Lübnan Komünist Partisi: Burjuvazi ve inanç grupları yolsuzluk üretiyor

Uluslararası Komünist ve İşçi Partileri Toplantısı’nın 20-21 Şubat tarihlerinde İstanbul’da toplanan Çalışma Grubu’na katılan Lübnan Komünist Partisi (LKP) Genel Sekreteri Khaled Hadadah ile Lübnan’da komünistlerin gündemleri üzerine yapılan röportajı soL okurları ile paylaşıyoruz.


Resim Ekleme
Khaled Hadadah

Lübnan gibi yönetim sistemi din ve mezhep gruplarına göre paylaşım üzerine kurulu, üstelik bunların tamamının küresel ve bölgesel güçler tarafından belirlendiği bir ülkede komünistlerin mücadelesi elbetteki ilgi çekici. Lübnan Komünist Partisi (LKP) Genel Sekreteri Khaled Hadadah ile Lübnan’da komünistlerin gündemleri üzerine konuştuk

LKP’nin şu anda Lübnan’da en önemli gündemi nedir?
İki yılı aşkın süredir Lübnan, tarihinde görülmemiş bir kriz yaşıyor. Şu anda devletin başında kimse yok. Yaklaşık yirmi aydır hükümetin görev süresi uzatılıyor ancak hükümet işlemiyor. Lübnan’ın inanç gruplarına dayalı rejimi, ülkenin tüm kurumlarını, cumhurbaşkanlığını ve diğer her şeyi belirledi. Böylece burjuvazinin Lübnan’ı siyasetçilerle ve yolsuzluklarla doğrudan yönetmesinin önü açıldı. Ülkenin gerçek yöneticisi olan burjuvazi ve inanç gruplarının liderleri zaten hep işbirliği halindeydiler, o yüzden yolsuzluğun olmadığı inanç gruplarına dayalı bir rejim düşünülemez. Hal böyleyken, inanç grupları arası siyasi pozisyon değişiklikleri dışında Lübnan’da bir siyasi faaliyet görülmüyor. Kısacası Lübnan, birbirine siyasi olarak düşmanlık eden inanç gruplarından oluşuyor. Bunun nedeni de bu grupların her birinin Lübnan dışında bir ülkeye bağlı hareket ediyor olmaları.

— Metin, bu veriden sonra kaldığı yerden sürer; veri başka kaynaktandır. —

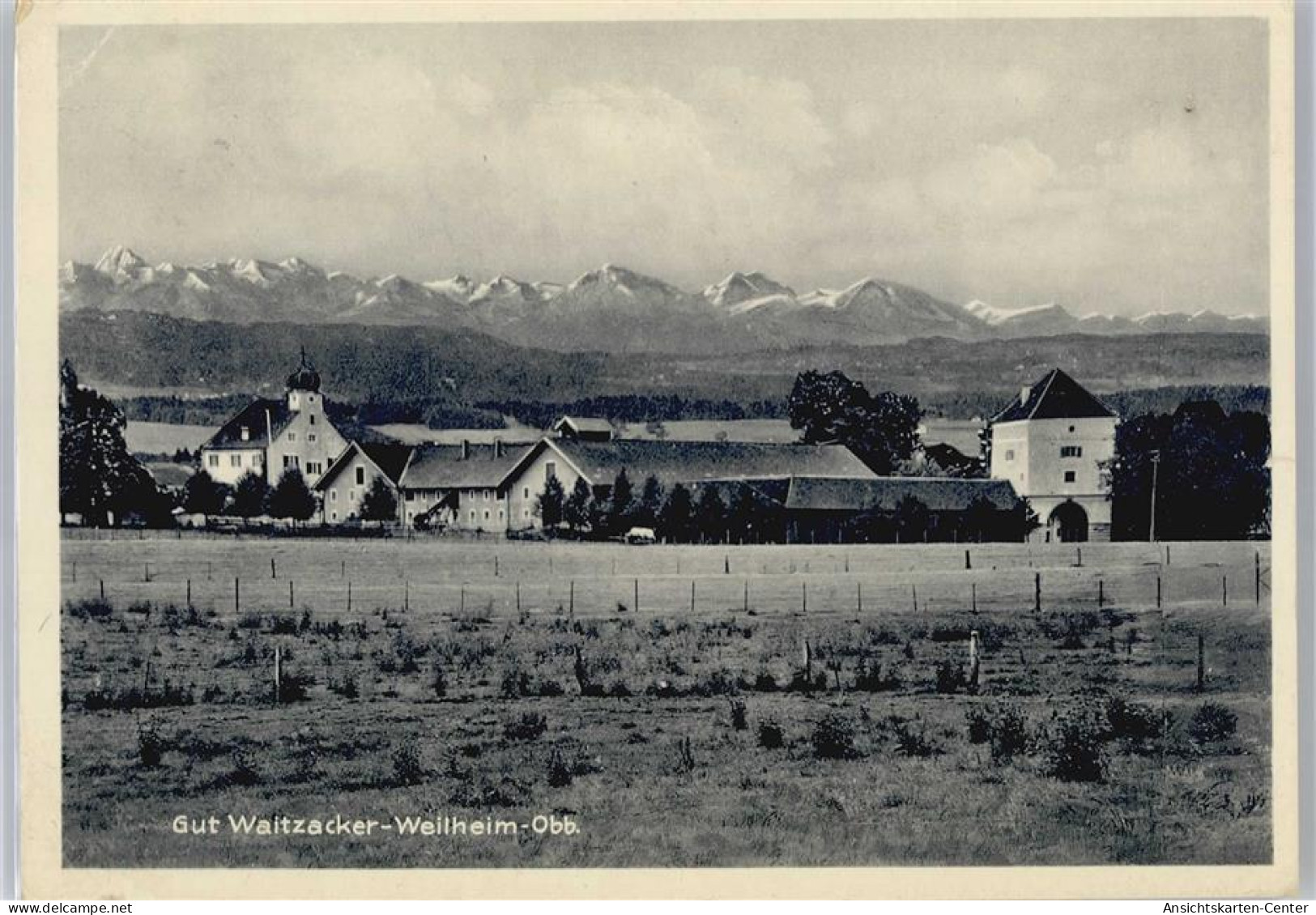 50646548 - Weilheim i. OB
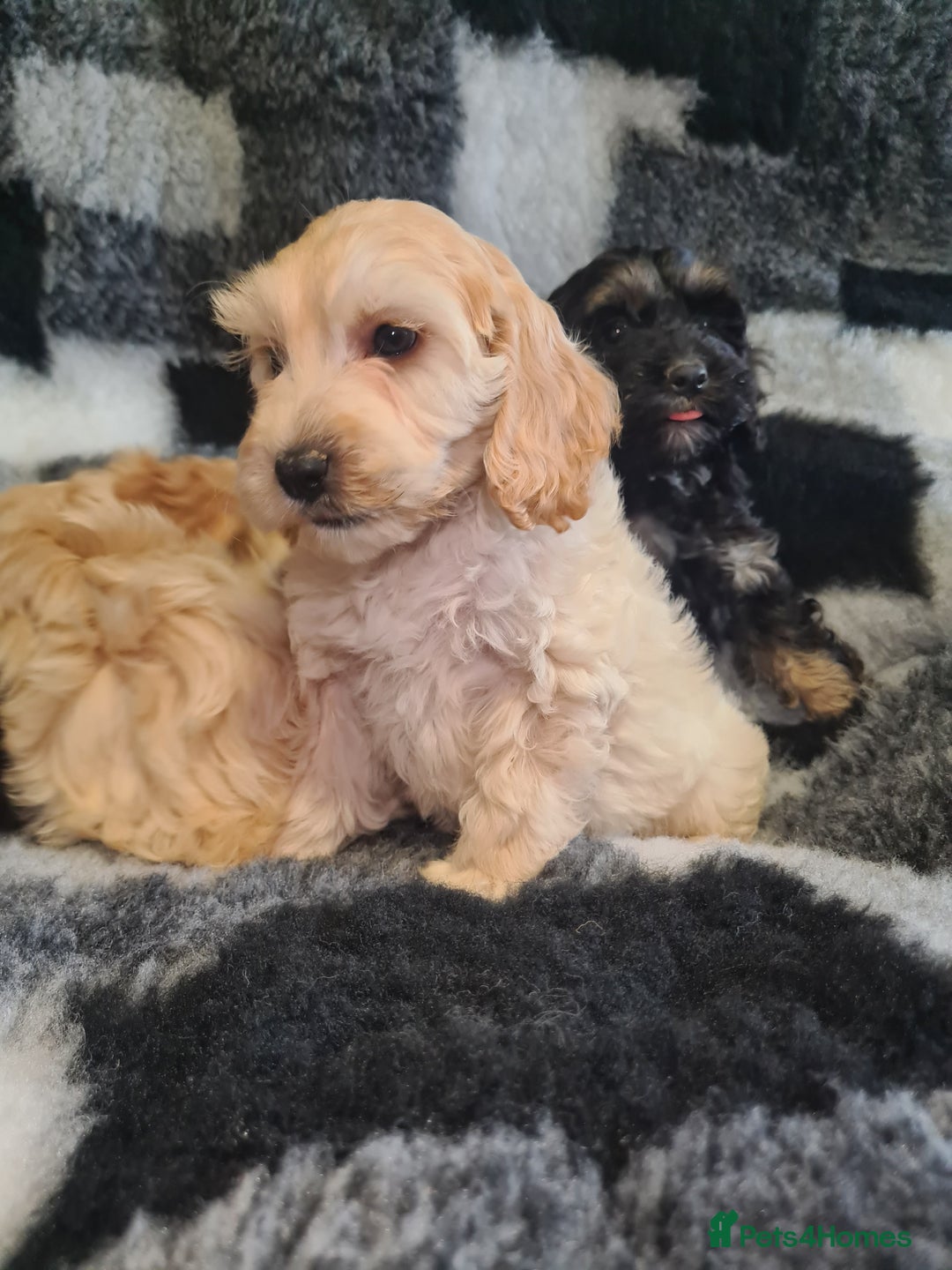 Cockapoo dogs for sale: Beautiful F1 Cockapoos- Ready Now  - Image 13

Bakın, Lübnan inanç gruplarına dayalı bir konfederasyon. Devlet içinde her kurum belli bir inanç grubuna bağlıdır; cumhurbaşkanlığı Hıristiyanlara, hükümet Sünnilere, parlamento Şiilere vs. Bizim Lübnan’da “ayrışma” adını verdiğimiz bu bölünme artık en düşük kademelerdeki kamu görevlerine kadar genişledi, çünkü Lübnan Anayasası’na göre başı çekenler ayrışmaya tabi tutuluyor. Bu durum kamu görevlilerinin %60’ını çalışamaz hale getirdi. Eğitim kurumları gibi neredeyse tüm temel kurumlar sadece %40’lık bir kapasiteyle çalışabiliyor. İnanç gruplarına dayalı ayrışma yüzünden yeni kamu görevlilerinin yetiştirilmesi ve istihdam edilmesi de mümkün olamıyor. Bu ayrıştırıcı sistem değişmediği sürece Lübnan’da daima iç savaşlar yaşanacaktır.

Bugün kendimizi bir siyasi sorunlar yumağı içinde buluyoruz. Başlıca sorun siyasi rejim. Lübnan’da birçok parti inanç gruplarına dayalı rejimi değiştirmek, demokrasinin önünü açmak, laik ve demokratik bir devlet kurmak için bir kurtuluş kongresi çağrısı yapıyor. Bizim temel amacımız bu. Başından beri böyle bir tutumumuz var ve buna destek veren başka partiler de var. Biz diyoruz ki, Lübnan’ın bugünkü egemen siyaseti Lübnan’ı kurtarmaktan ve onu bölgede olup bitenlerden ayırmaktan aciz. İnanç gruplarına yer vermeyen laik ve demokratik bir rejime ihtiyacımız var.
İkinci önemli konu ise her zaman olduğu gibi İsrail tehdidi. Lübnan topraklarının bir bölümü İsrail işgali altında. İsrail’in savaş uçakları ve askerleri durmadan Lübnan topraklarına giriyorlar. Her an İsrail’in işgal tehdidiyle karşı karşıyayız.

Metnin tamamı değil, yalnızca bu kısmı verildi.